The prices of gold on Friday reached a whopping LE3,200 per gram of 24 carat gold, LE2,800 for 21 carat gold, and LE2,400 for 18 carat gold, while gold coins (eight grams of 21 carat gold) reached LE22,400.
Prices started to drop gradually amid some fluctuations starting at the beginning of this week, reaching LE3,000 for 24 carat gold, LE2,600 for 21 carat gold, and LE2,220 for 18 carat gold. Gold coins went down in price as well to reach less than LE21,000.
Despite the fluctuations in the local gold market and the relative stability of global gold prices at around $2,000 per ounce, demand has risen to unprecedented levels locally.

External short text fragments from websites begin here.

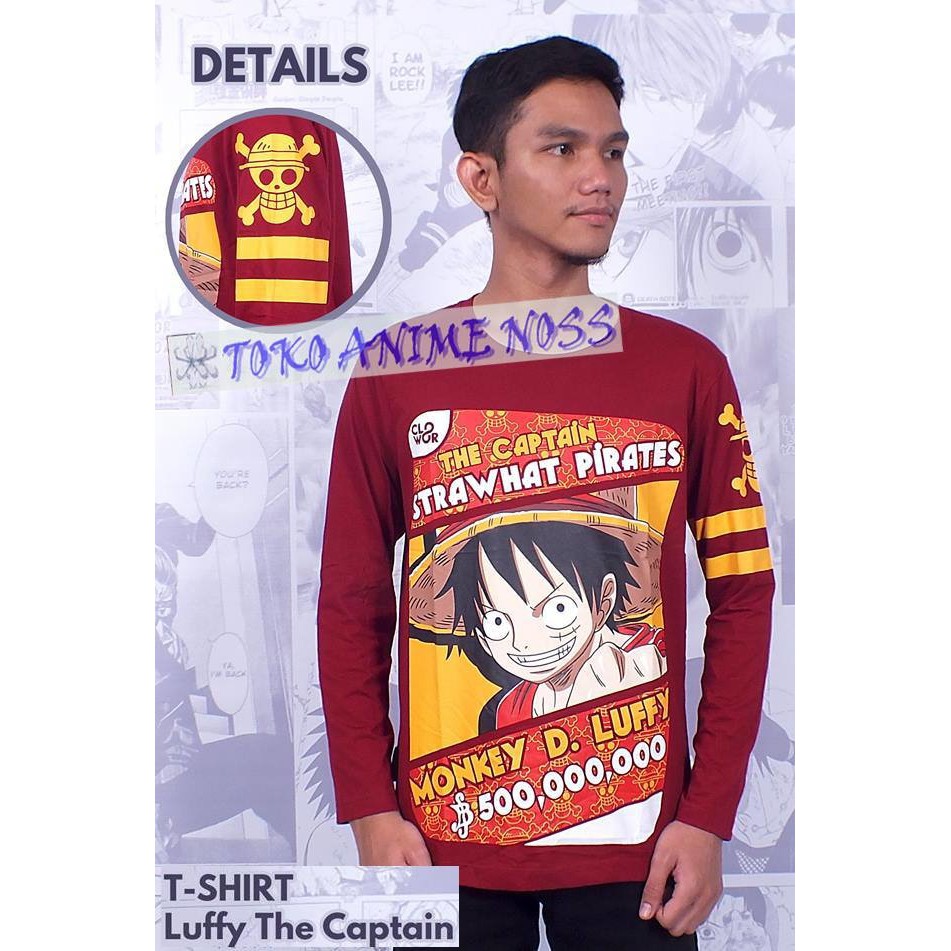 Luffy the captain anime long sleeve one piece | Shopee Philippines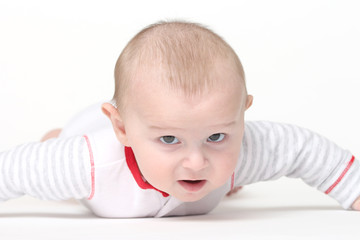 Happy baby has flat belly on white background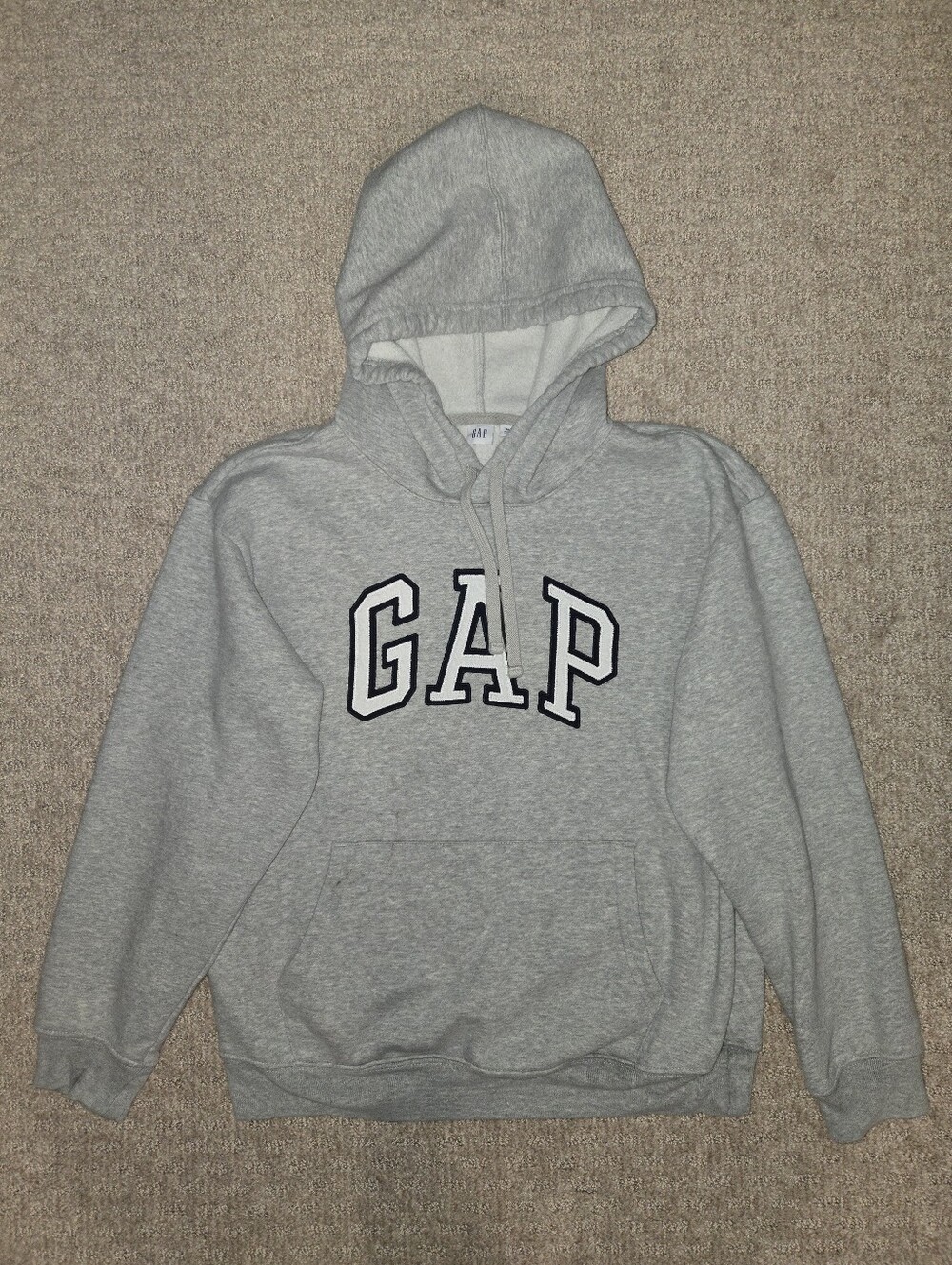 GAP Light Gray Logo Hoodie Sweatshirt Medium, Excellent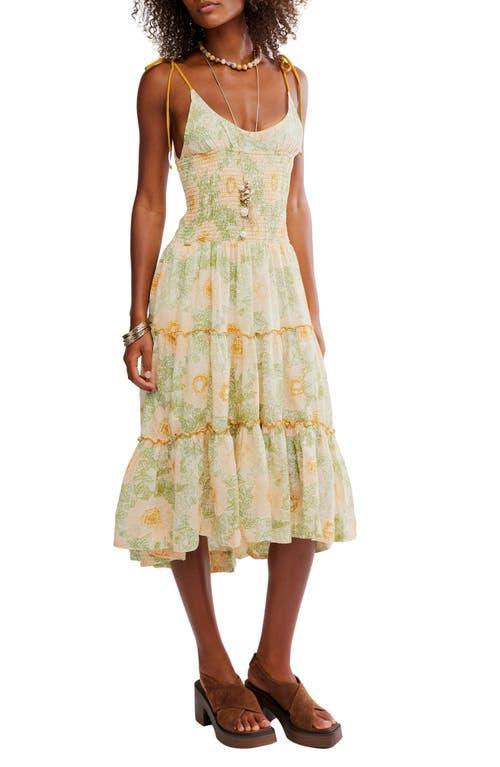 FREE PEOPLE Adriel Floral Print Knee Length Cami Dress In White Product Image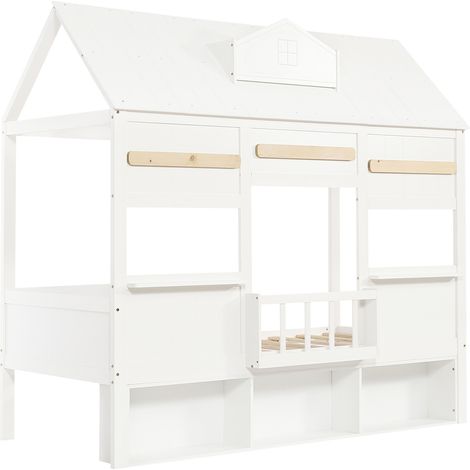 Letto a soppalco per bambini a forma di casa bianco 90 x 200 cm con mensola (1/5)
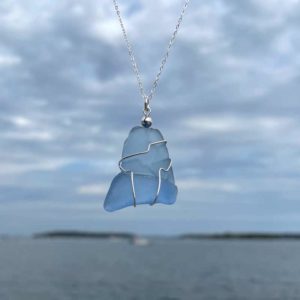 Light Blue Sea Glass Necklace #14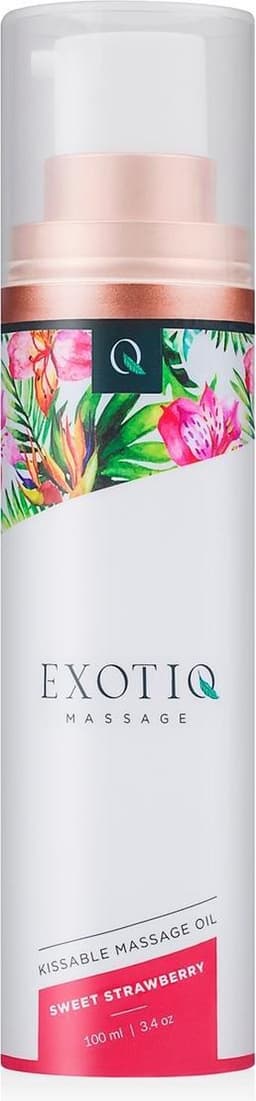 Exotiq - Massageolie - Massage Olie - Sweet Strawberry - Massageolie voor een Ontspannende Massage met Aardbeiengeur - Zijdezacht en Verzorgende Werking - 100 ml — thumbnail 1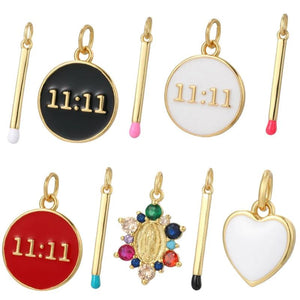 Heart Matches Charms for Jewelry Making Supplies Number Dijes Diy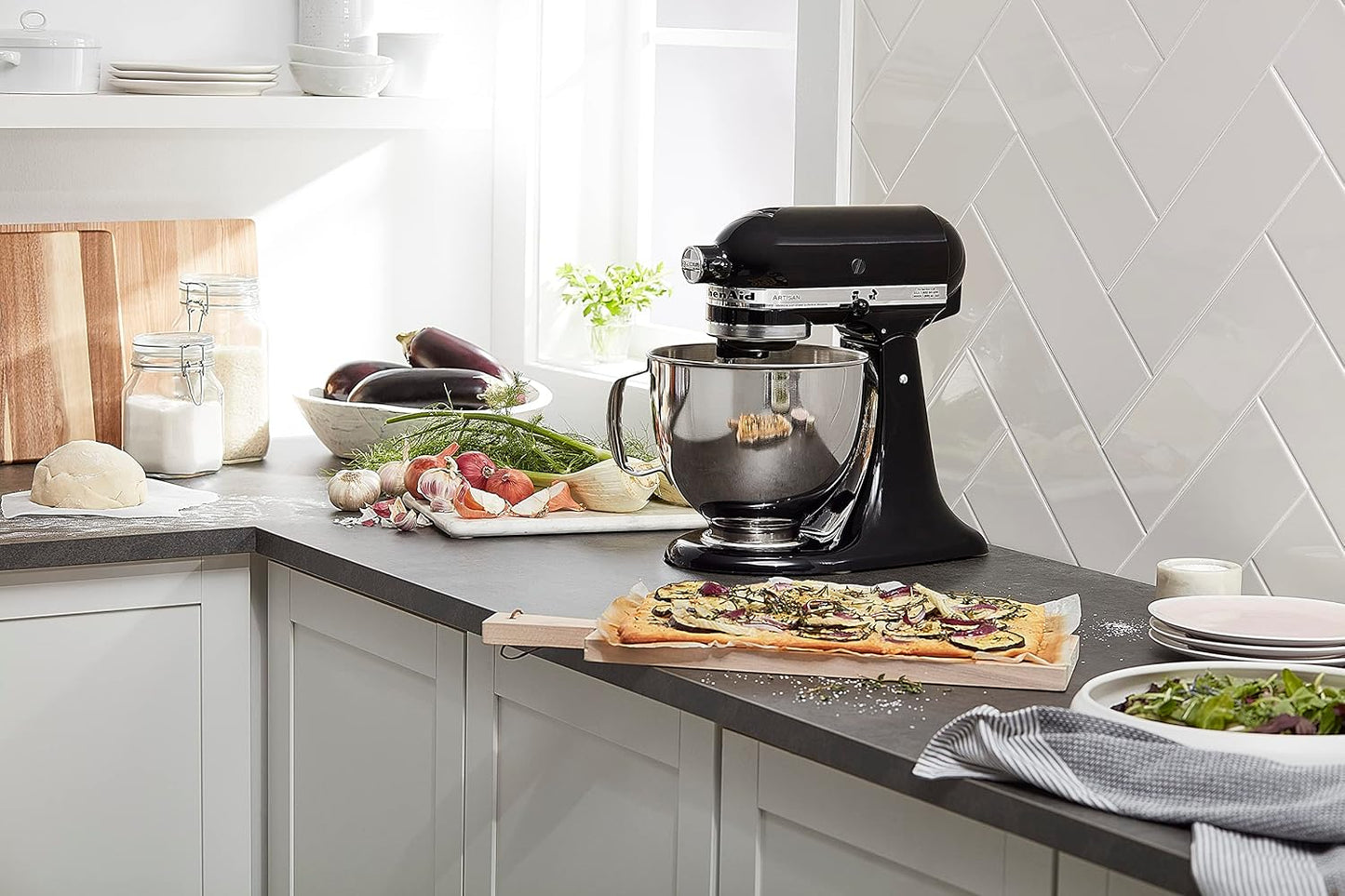 KitchenAid Artisan Series 5 Quart Tilt Head Stand Mixer with Pouring Shield KSM150PS, Removable bowl, Aqua Sky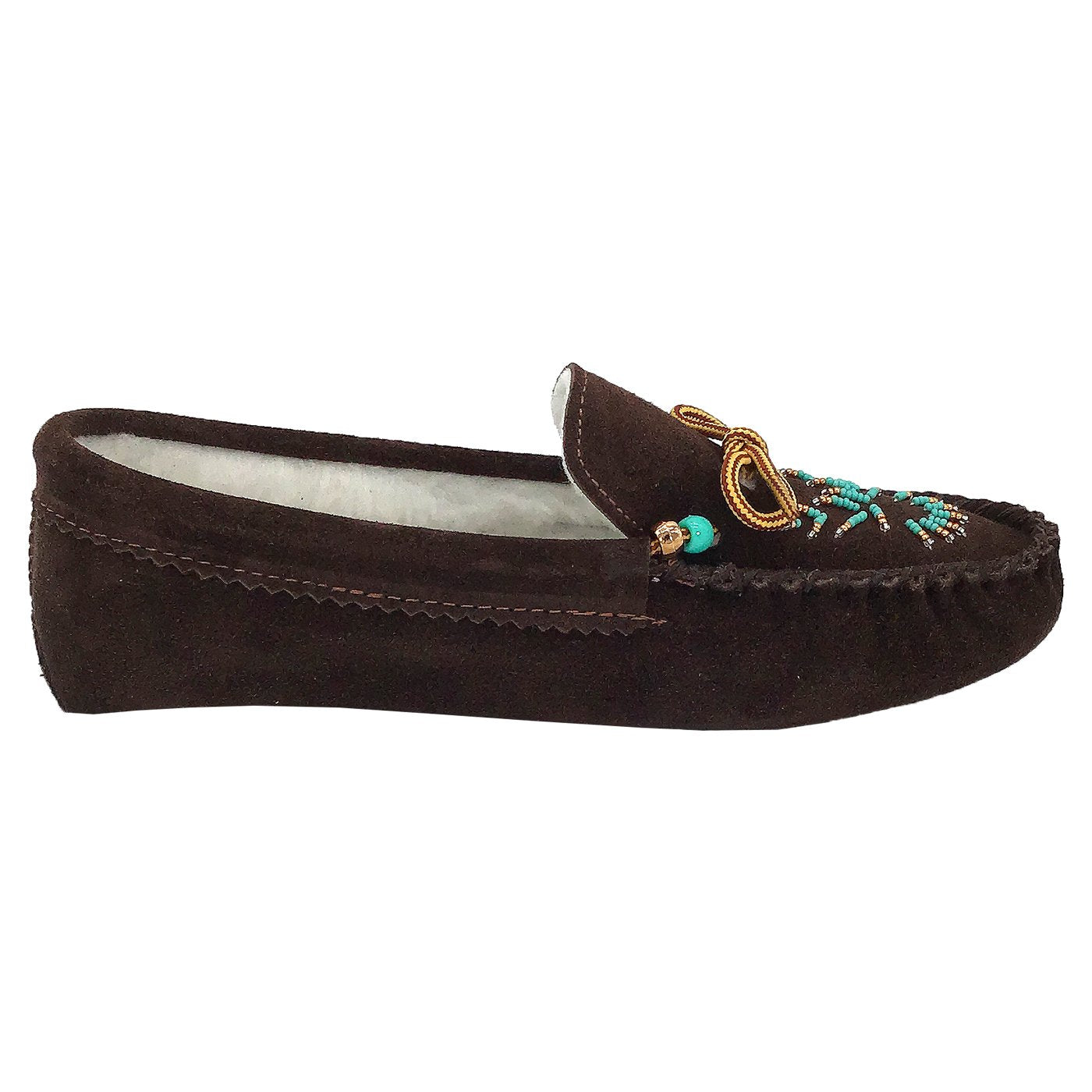 Women's Lined Beaded Suede Moccasins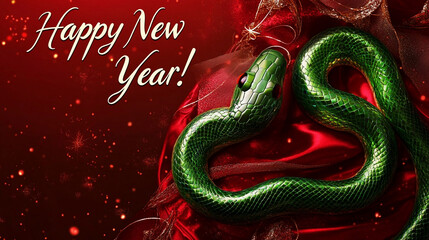 Fototapeta premium Rich red background with a snake and a New Year greeting
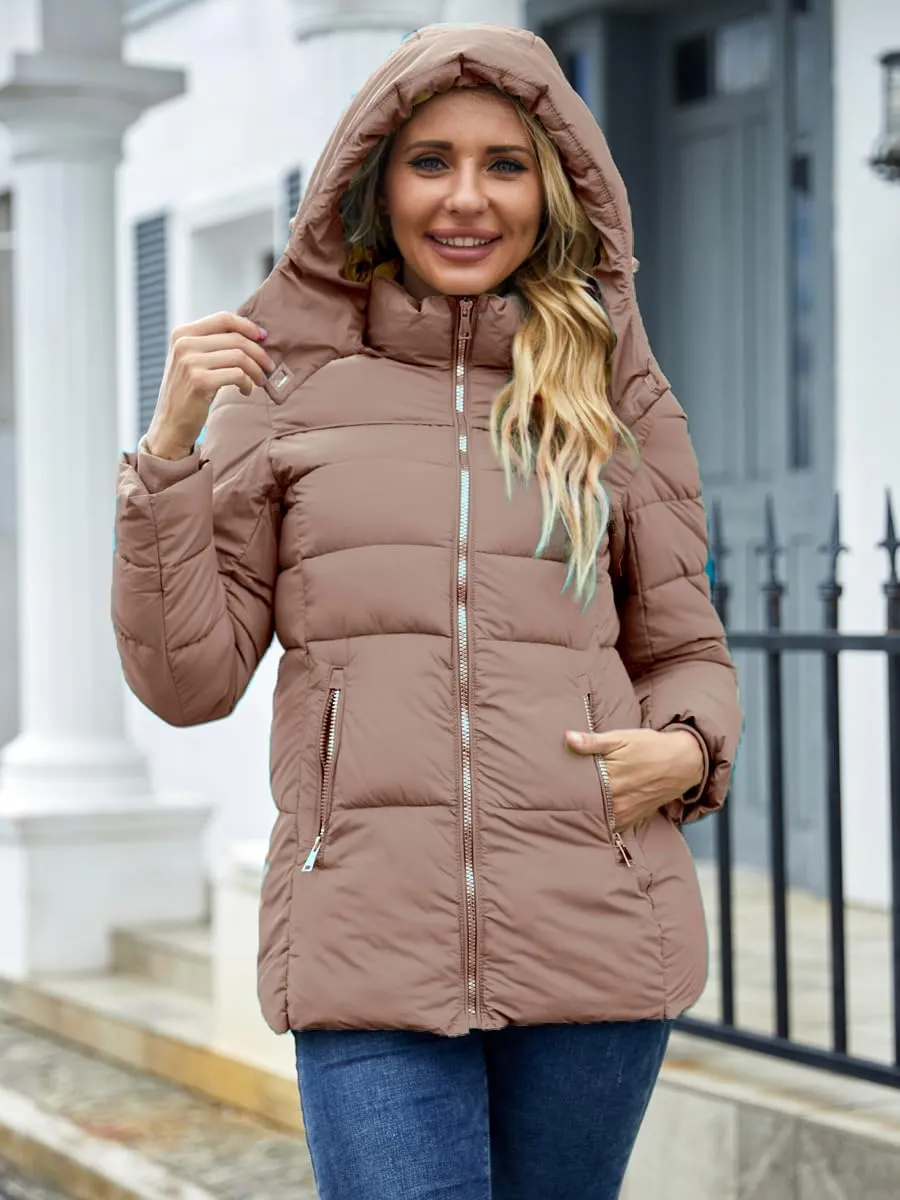 Puffer Jacket Womens Winter Coat with Hood Warm Lightweight Thickened Packable Down Jacket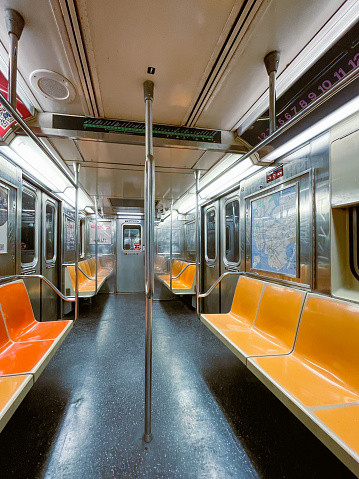 Inside of New York City subway train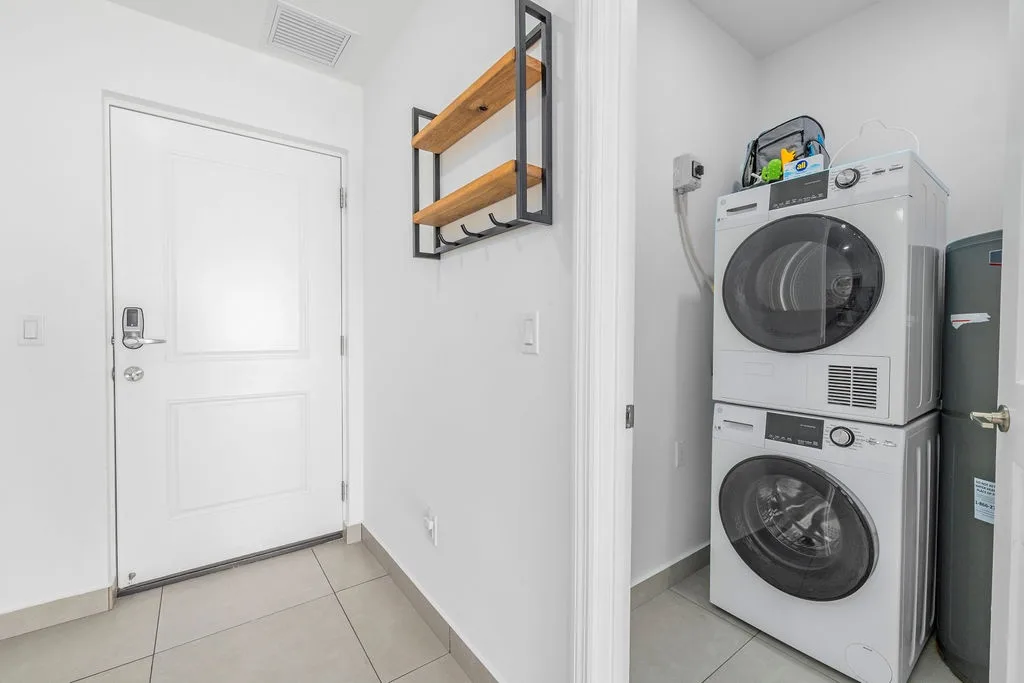 Keep your wardrobe fresh with ease—your dedicated stacked washer and dryer set makes laundry day simple and convenient during your stay.
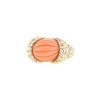 Vintage   1970's ring in yellow gold, coral and diamond - 00pp thumbnail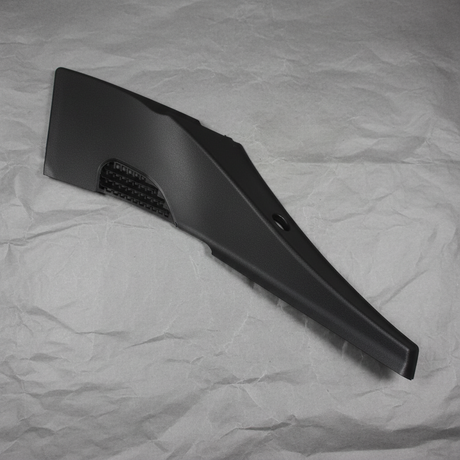 2019-2025 Silverado 1500 Passenger Side Windshield Cowl Panel Genuine OEM - rotated 30 degrees on kraft paper background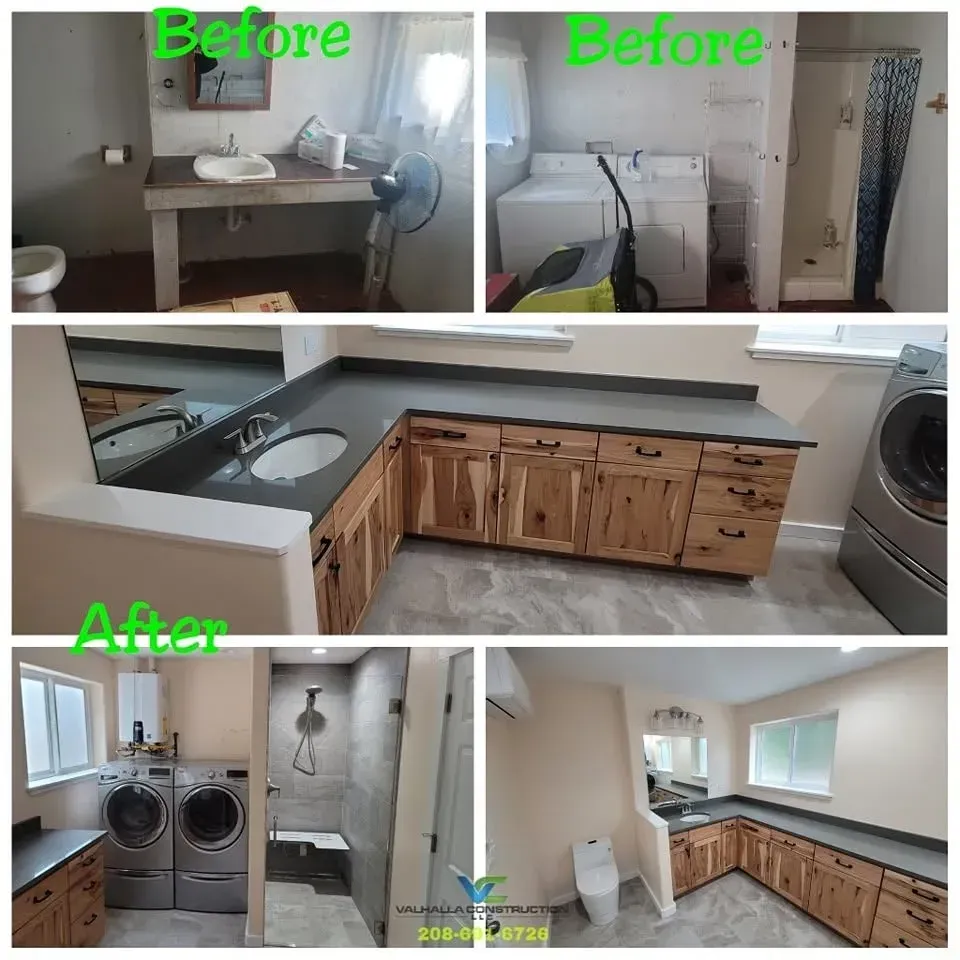 Before-and-after kitchen remodel showing white cabinets, dark countertops, and new wood cabinetry.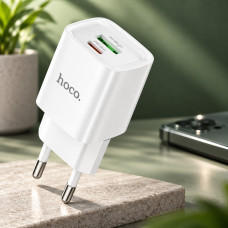 Сетевой адаптер HOCO C147A с двумя USB-портами Type-C, 20 Вт, поддержка PD и QC 3.0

The price of gold in the Egyptian market is determined by several factors, including the price of the dollar, the supply and demand for the yellow metal, and the market’s response to inflation and the policies of the Central Bank of Egypt (CBE).
Nagui Farag, advisor to the Minister of Supply for gold affairs, said that the reason for the rise in gold prices in Egypt compared to global prices was mainly due to a rush by consumers to buy gold products as a safe haven from an anticipated fall in the value of the local currency against the dollar.
However, the price of the dollar is not the main reason for the recent rise in prices, he said. The reason is the high demand for gold and a decrease in supply.
Farag added that international economic institutions expect gold prices to reach $3,000 per ounce in June, as a result of the economic war between the US, Russia, and China.
He said that a recent proposal by the Ministry of Supply to allow Egyptians abroad to enter Egypt with the equivalent of $10,000 worth of gold, or between 100 and 150 grams, without needing to go through customs would lead to an increase in supply that could help to stabilise the market.
Minister of Supply and Internal Trade Ali Moselhi said on Saturday that a proposal has been made to allow Egyptians expatriates and returnees to enter the country with a specific amount of gold for a specified period without going through customs.
The proposal will be discussed with the Chamber of the Gold Industry to reach a consensus.
He also said during a press conference on Saturday that the government is working on limiting the increases in gold prices, adding that the amount of gold in Egypt is limited and prices normally rise with high demand.
“The return of prices to normal will take time,” he said, adding that the price of a gram of 21 carat gold, the most popular locally, should not exceed LE2,100.
“We have never seen demand for gold products like it,” said Mena Rizk, the owner of a gold shop in the Gold Mall in 6 October City. He said that it could feel like a supermarket, and not simply a shop, because of the unprecedented demand for gold coins and bars.
Gold retailers take into account the price of the US dollar on the black market, which has reached about LE37 as opposed to the official price of approximately LE31. Observers believe that gold retailers are pricing their products based on a dollar price of more than LE40.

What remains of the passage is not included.